*** Opening Source data ***
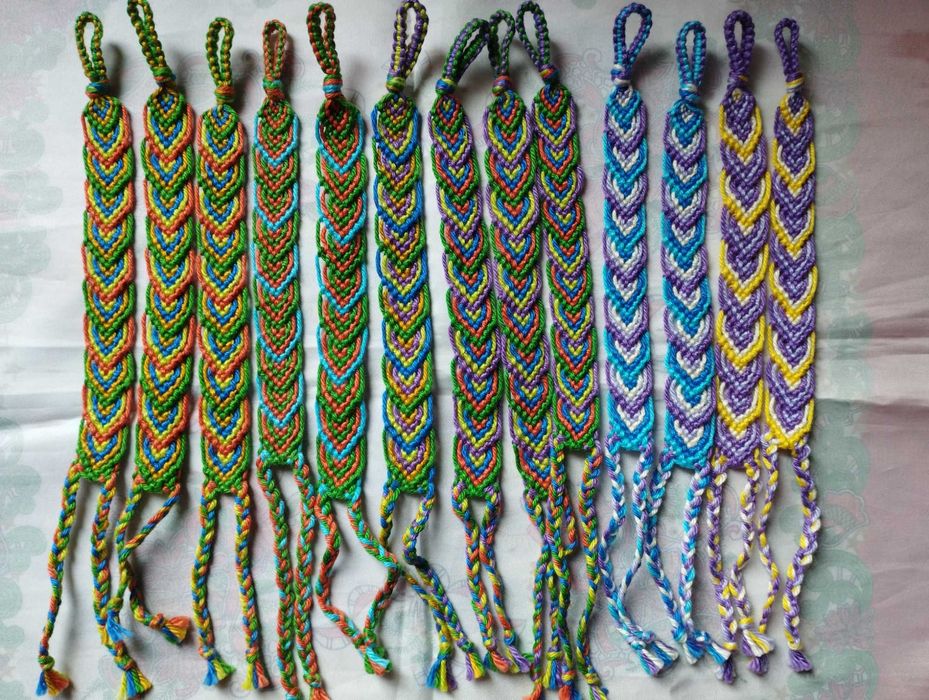 Комплект от три ръчно плетени гривни по избор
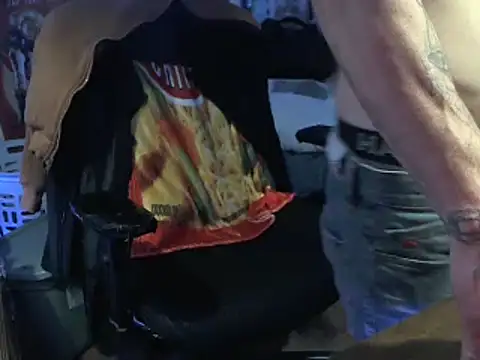 Snapshot of CloudDadddyyy420 chatting on 03.19.25 CloudDadddyyy420 online show from 03.19.25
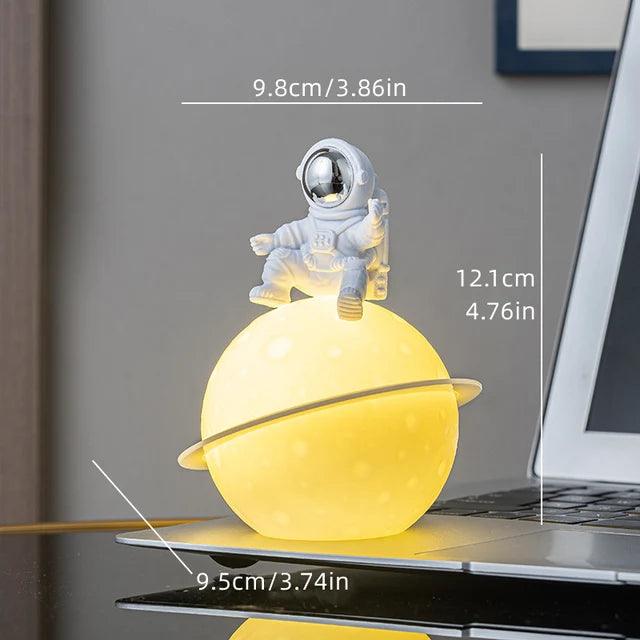 AstroLume Astronautskulptur med Planet Nattlampa | Modern Dekorativ Höjdpunkt | Miljövänlig PVC &amp; ABS | 9.8 x 12.1 cm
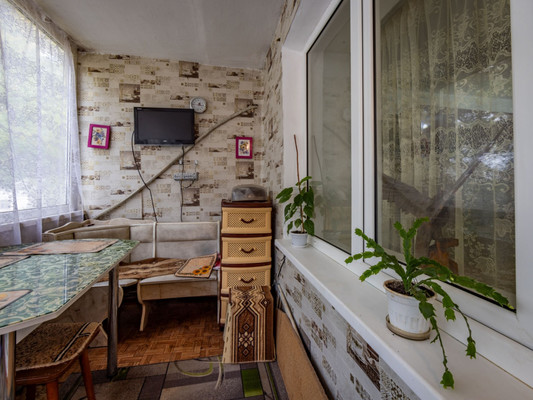 Продам трехкомнатную (3-комн.) квартиру, Школьная ул, 26, Маленькое с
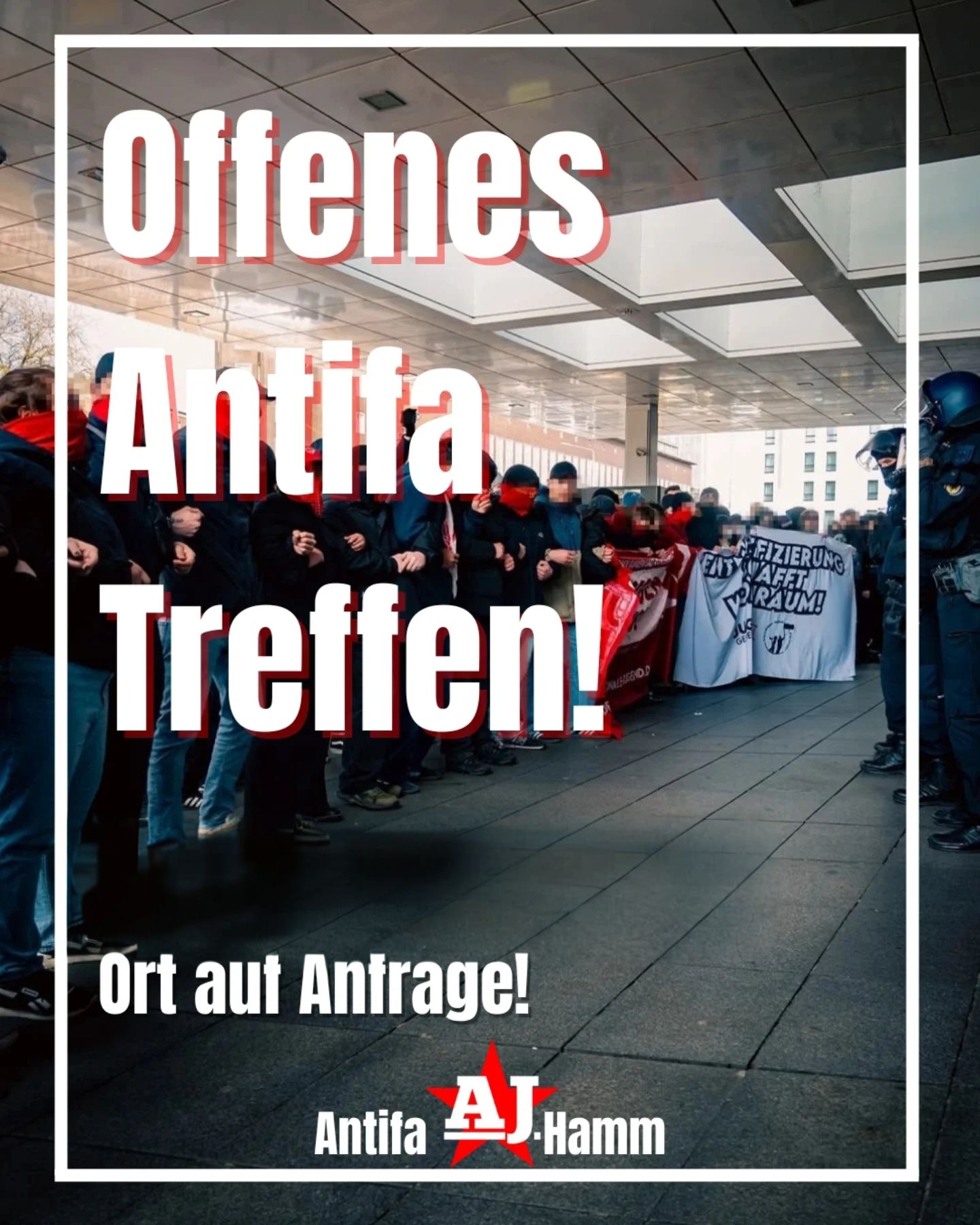 Plakat mit weißem Rahmen und großem Text 'Offenes Antifa Treffen!' über einem Foto von Menschenmenge bei Demonstration, unten Text mit Datum und Uhrzeit, Logo 'Antifa AJ Hamm' mit rotem Stern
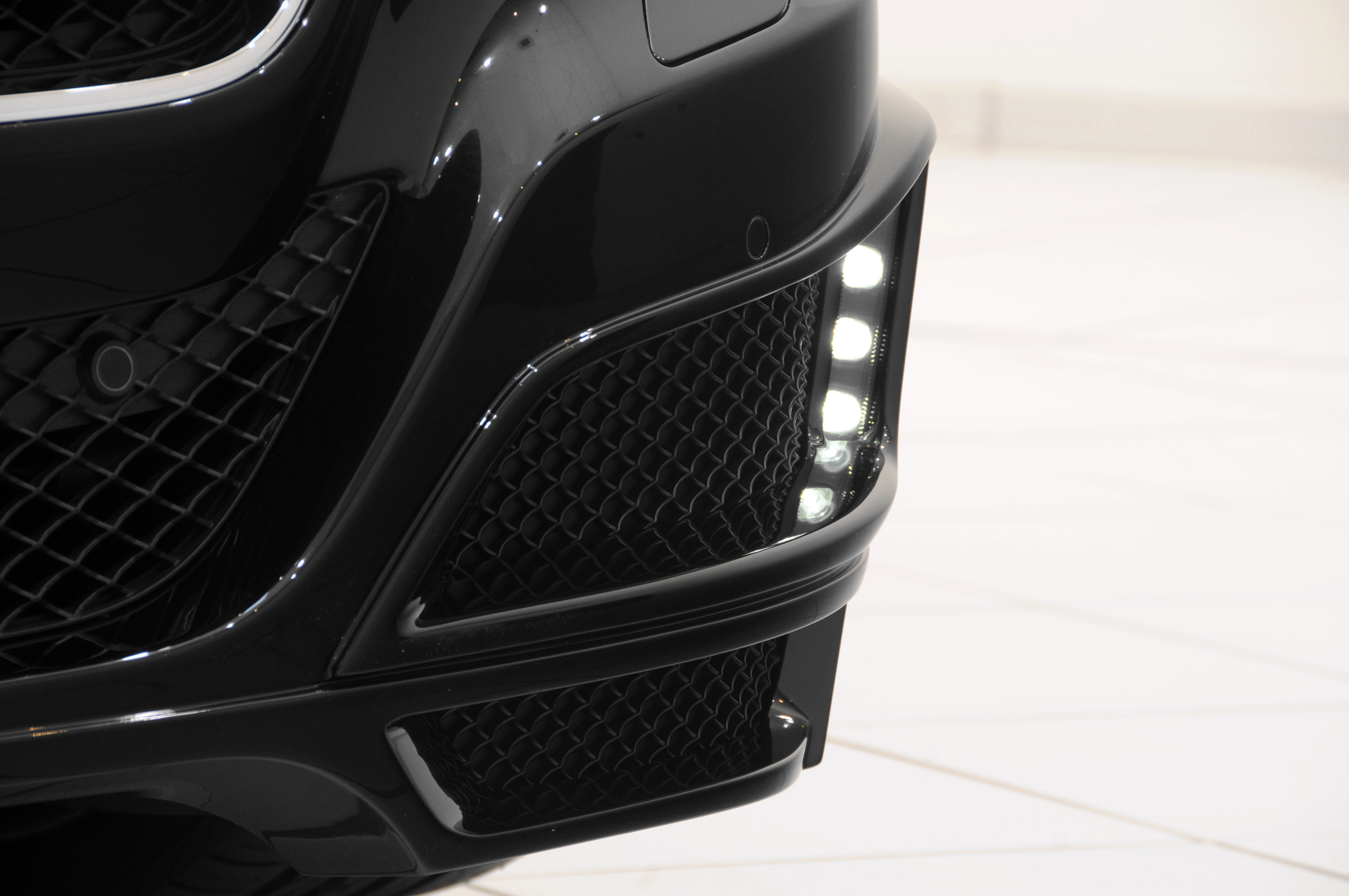 Brabus Mercedes-Benz CLS Coupe photo #23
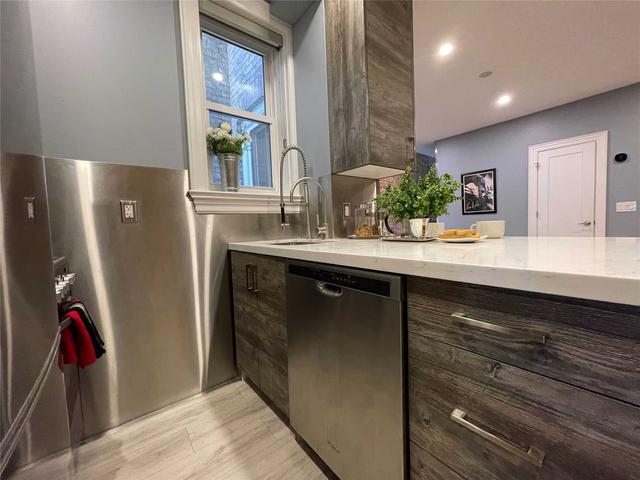 main - 725 Palmerston Ave W, House semidetached with 2 bedrooms, 2 bathrooms and 0 parking in Toronto ON | Image 13
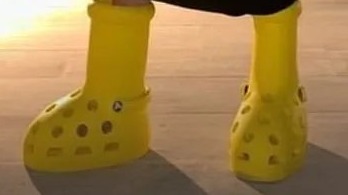 Vicotria Beckham Instagram , Yellow Crocs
*** Closing Source data ***
Task details: Please output an exact repetition of the lines from the line containing "Snapshot of CloudDadddyyy420" to the end of the records, both included, with no pictures and no additional text.

Solution:
 Snapshot of CloudDadddyyy420 chatting on 03.19.25 CloudDadddyyy420 online show from 03.19.25
 AstroLume Astronautskulptur med Planet Nattlampa | Modern Dekorativ Höjdpunkt | Miljövänlig PVC &amp; ABS | 9.8 x 12.1 cm
 Продам трехкомнатную (3-комн.) квартиру, Школьная ул, 26, Маленькое с
 Plakat mit weißem Rahmen und großem Text 'Offenes Antifa Treffen!' über einem Foto von Menschenmenge bei Demonstration, unten Text mit Datum und Uhrzeit, Logo 'Antifa AJ Hamm' mit rotem Stern
 Brabus Mercedes-Benz CLS Coupe photo #23
 main - 725 Palmerston Ave W, House semidetached with 2 bedrooms, 2 bathrooms and 0 parking in Toronto ON | Image 13
 Vicotria Beckham Instagram , Yellow Crocs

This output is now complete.